Ruby regex problem: matching optional white space at start of line

rubyjohn · December 23, 2020, 2:51pm

I am writing a regular expression for Ruby. I want it to match all lines that begin with a *, skipping optional white space. The following regular expression does this correctly on rubular.com:

/^\s*\*.*$/

For example, in the following text, this regular expression correctly matches the first two lines, and correctly does not match the third line:

   * text
 *text
text*text

But when I use this regular expression in Ruby, none of these three lines match. If I remove the ^, which indicates start of line, Ruby and rubular.com give the same result: they match the first two lines fully, and match the third line starting at the *. But that is not what I am trying to do. My current solution uses /\s*\*.*$/ (or, equivalently, /\*.*$/), both of which unfortunately also match text*text.

Is there a reason why Ruby is not matching the behavior I see on rubular? I would like to find a way to get the regex expression listed at the top of this post to work in Ruby the same way it does on rubular.

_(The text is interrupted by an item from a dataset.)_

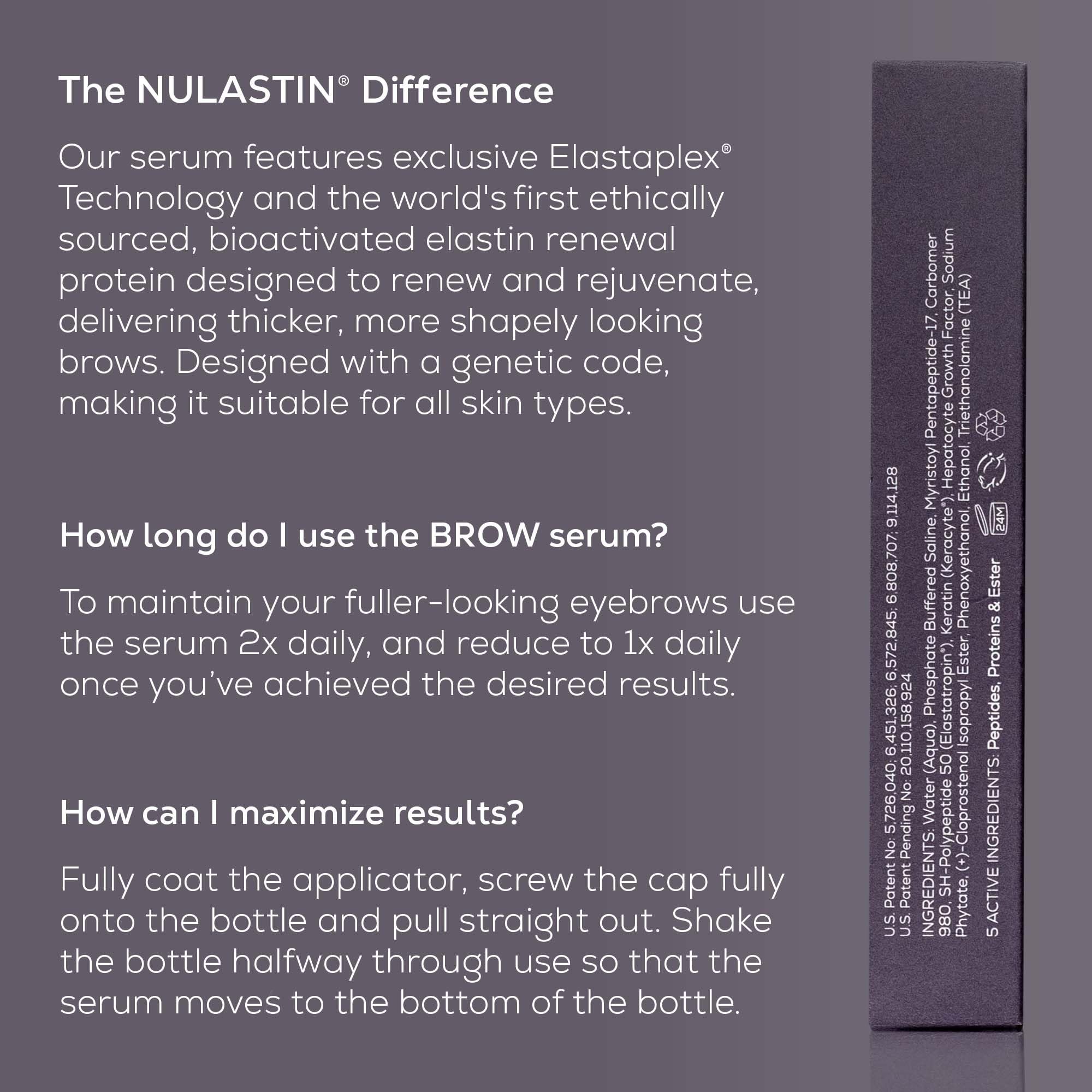 NULASTIN BROW Shape Altering Serum with Elastaplex, Eyebrow Enhancing Treatment for Thicker Looking Brows, Vegan-Friendly & Cruelty-Free (3 ml)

I am a complete newcomer to Ruby, so any tips or suggestions are much appreciated!

SouravGoswami · December 23, 2020, 5:13pm

When you are using this:

/^\s*\*.*$/

It will only match the first line, to make it match multiple lines:

/^\s*\*.*$/m

But there’s a caveat. What you are doing is actually matching if:

^\s*: The line starts with 0 or more occurrences of white space.
*: There is a * after the first match.
.*$: Match 0 or more characters after the second match which ends the string.

But your string is:

* text\n *text\ntext*text\n"`

Your string stats with a space
Your string has * after the space.
Your string has 0 ore more character(s) after the space which also ends the string.

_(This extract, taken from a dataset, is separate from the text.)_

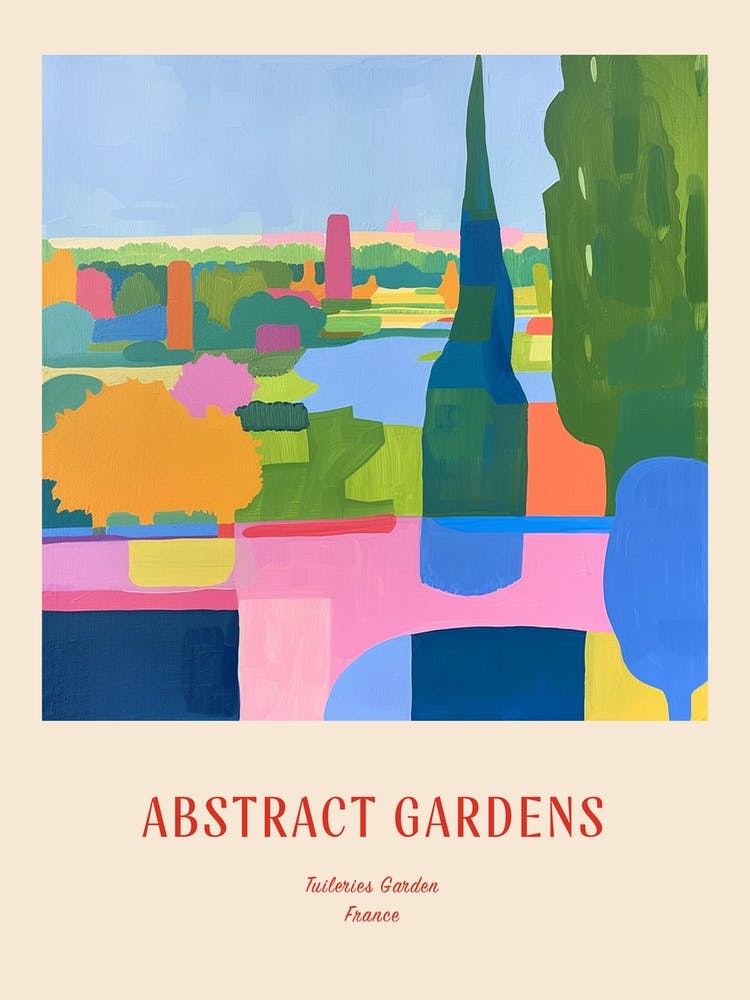 Colourful Gardens Tuileries Garden France 1 Red Poster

So your regexp perfectly matches the whole string with the multiline match.

To get the desired result, you have to check if there’s a newline, if it does have a new line, then match it from the beginning. That is, it has to loop the match.

You can do that in other simple way, without using regexp:

string.each_line.select { |x|
    x.lstrip!
    x.start_with?('*'.freeze)
}.join

String#lstrip strips the trailing white spaces (\r, \s, \t, \n, \u0000, etc.) from the beginning (left) of the string and creates a new string without modifying the actual string from memory.
'*'.freeze makes a frozen string that’s not allocated in every loop.

Here you are selecting only the white space stripped lines that starts with ‘*’ and creating an array out of it, which you are then joining together as a string. So the return value will look like:

"   * text\n *text\n"

Can’t say a better regexp alternative of this though that’s faster than this…

rubyjohn · December 23, 2020, 6:08pm

Thank you for the reply! I did not quite understand it, so let me provide some additional context.

I am working on a new lexer for Rouge. An example is available here. Line 62 provides a regular expression for an in-line comment, which is close to what I am trying to accomplish:

/#.*?$/

Here is some example text. I want to get rouge to identify the first three lines as single-line comments, but not the fourth line.

*text
   * text
 *text
text*text

To accomplish this, I make two changes to the template code /#.*?$/.

(1) The comment will be indicated by *, not #. That changes the above regex line to:

/\*.*?$/

I have confirmed that this change works as expected. However, this corresponds to an in-line comment, so it matches the second half of the fourth line above, text*text. Thus, a second change is necessary to accomplish what I want.

(2) Require the match to only work if the * is preceded by optional white space at the start of a line:

/^\s*\*.*?$/

However, when I test this out, rouge only matches the first line below:

*text
   * text
 *text
text*text

This is not related to needing an m, because I am not interested in a multi-line comment here. And in any case, if I add text above this text sample above, it does not cause any issues–the first line, *text, still gets matched.

rubyjohn · December 24, 2020, 1:22am

I have solved this problem. It turns out there was interference in another part of the code where whitespace was being parsed.

To sum up, the following regex expression does indeed work for this situation:

/^\s*\*.*$/

There is no inconsistency between ruby and rubular.

SouravGoswami · December 24, 2020, 7:07am

Well I was talking about this:

I was thinking you want to select every lines beginning with *.